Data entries
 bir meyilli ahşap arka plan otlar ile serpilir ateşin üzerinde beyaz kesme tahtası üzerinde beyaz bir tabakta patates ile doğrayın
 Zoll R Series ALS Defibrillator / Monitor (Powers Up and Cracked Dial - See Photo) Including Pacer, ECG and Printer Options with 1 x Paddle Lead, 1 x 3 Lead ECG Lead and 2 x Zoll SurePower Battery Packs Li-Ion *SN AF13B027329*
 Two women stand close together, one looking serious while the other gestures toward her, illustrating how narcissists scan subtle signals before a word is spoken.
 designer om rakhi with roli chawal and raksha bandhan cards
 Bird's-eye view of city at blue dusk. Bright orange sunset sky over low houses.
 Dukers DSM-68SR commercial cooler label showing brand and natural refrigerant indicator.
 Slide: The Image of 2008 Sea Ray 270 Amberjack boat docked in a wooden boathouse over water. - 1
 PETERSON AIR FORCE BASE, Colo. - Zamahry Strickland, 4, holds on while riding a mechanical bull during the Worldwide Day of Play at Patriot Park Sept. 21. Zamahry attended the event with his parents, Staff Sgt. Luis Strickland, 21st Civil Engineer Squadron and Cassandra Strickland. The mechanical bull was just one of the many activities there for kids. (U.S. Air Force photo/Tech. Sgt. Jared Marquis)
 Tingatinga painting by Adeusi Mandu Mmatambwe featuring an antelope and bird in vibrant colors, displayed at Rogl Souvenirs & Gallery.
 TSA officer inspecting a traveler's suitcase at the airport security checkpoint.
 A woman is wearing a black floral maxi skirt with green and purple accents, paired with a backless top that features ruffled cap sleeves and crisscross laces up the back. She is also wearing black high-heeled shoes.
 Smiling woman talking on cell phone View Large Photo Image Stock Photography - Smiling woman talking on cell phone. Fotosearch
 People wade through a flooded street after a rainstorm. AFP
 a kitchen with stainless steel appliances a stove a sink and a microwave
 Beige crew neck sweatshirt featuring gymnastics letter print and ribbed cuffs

§ THE PROBLEM
Using the records above, filter out every line that lacks the string "Image" and copy the rest.

§ YOUR SOLUTION
 Slide: The Image of 2008 Sea Ray 270 Amberjack boat docked in a wooden boathouse over water. - 1
 Smiling woman talking on cell phone View Large Photo Image Stock Photography - Smiling woman talking on cell phone. Fotosearch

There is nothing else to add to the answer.